森プロは500ha程度のモデル団地を設定して施業を集約化し、森林整備による環境保全と木材生産を両立させることを目指した取り組みである。事業の推進に当たっては、森林組合や素材生産業者からの応募をもとに団地を設定し、提案型施業の導入、低コスト路網の整備、高性能林業機械の導入、伐採専門チームの養成などの取り組みを集中的に実施する。22年度までに18団地程度を設定する予定である。
19年度については、(1)椿森林づくりプロジェクト共同体(山県市=岐阜中央森林組合・極東森林開発(株))(2)中濃森プロJV(関市=中濃森林組合・(株)カネキ野村木材店)(3)恵南森林組合(恵那市)(4)郡上森林組合(郡上市)(5)揖斐郡森林組合(揖斐川町)--の5事業体が選定されている。
■ 飛騨高山森林組合の新製材工場が稼働開始
本モデル地域の中核工場のひとつ、飛騨高山森林組合(高山市)の新製材工場「木材製品流通センター」(同市新宮町)が平成19年度から稼働を開始した。新生産システム中日本モデル地域の中核加工事業体であり、有力ヒノキ製材メーカーである西村木材店(三重県松阪市)が技術供与と経営指導に当たっており、製品も同社ルートで主に首都圏のビルダーなどに販売していく。

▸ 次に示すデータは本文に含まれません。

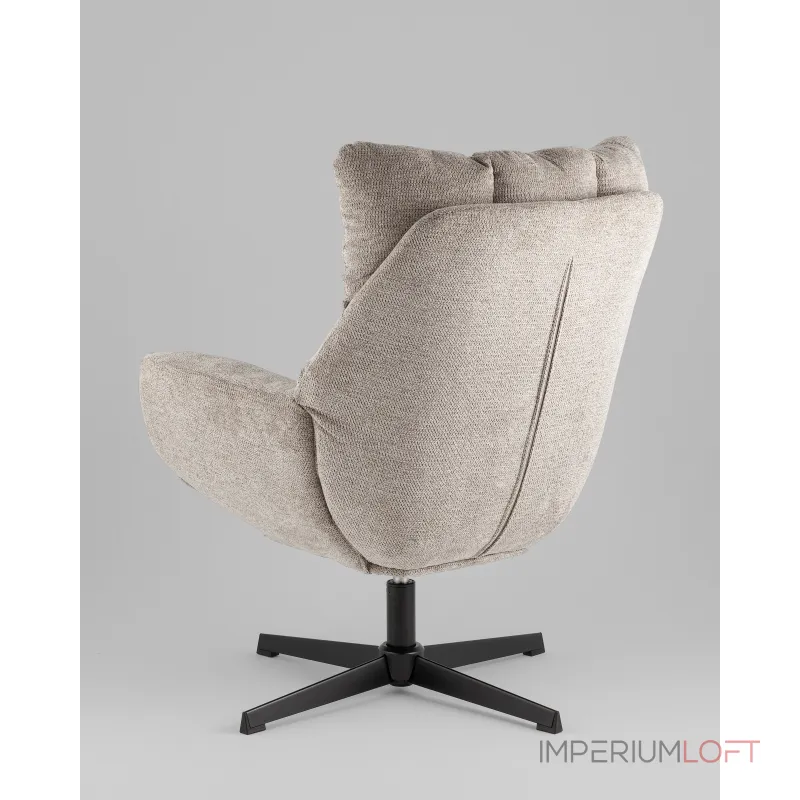 Кресло Stool Group Calatta УТ000042288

同センターの施設整備については、17~18年度の2カ年にわたり、「強い林業・木材産業づくり交付金」を活用して進められた。
敷地面積は約1万坪。製造設備としてはノーマンツインバンドソー、オートテーブル、クロスカットソー、ツインリッパー、横バンドソー、木屑焚きボイラー、4面プレーナー、重量選別機、グレーディングマシーン、マイクロ波水分計、6軸モルダーなどを備えている。乾燥機は高周波蒸気複合乾燥機(容量45m3)が2基、高温蒸気乾燥機(容量30m3)が4基、低温(養生)乾燥機が1基。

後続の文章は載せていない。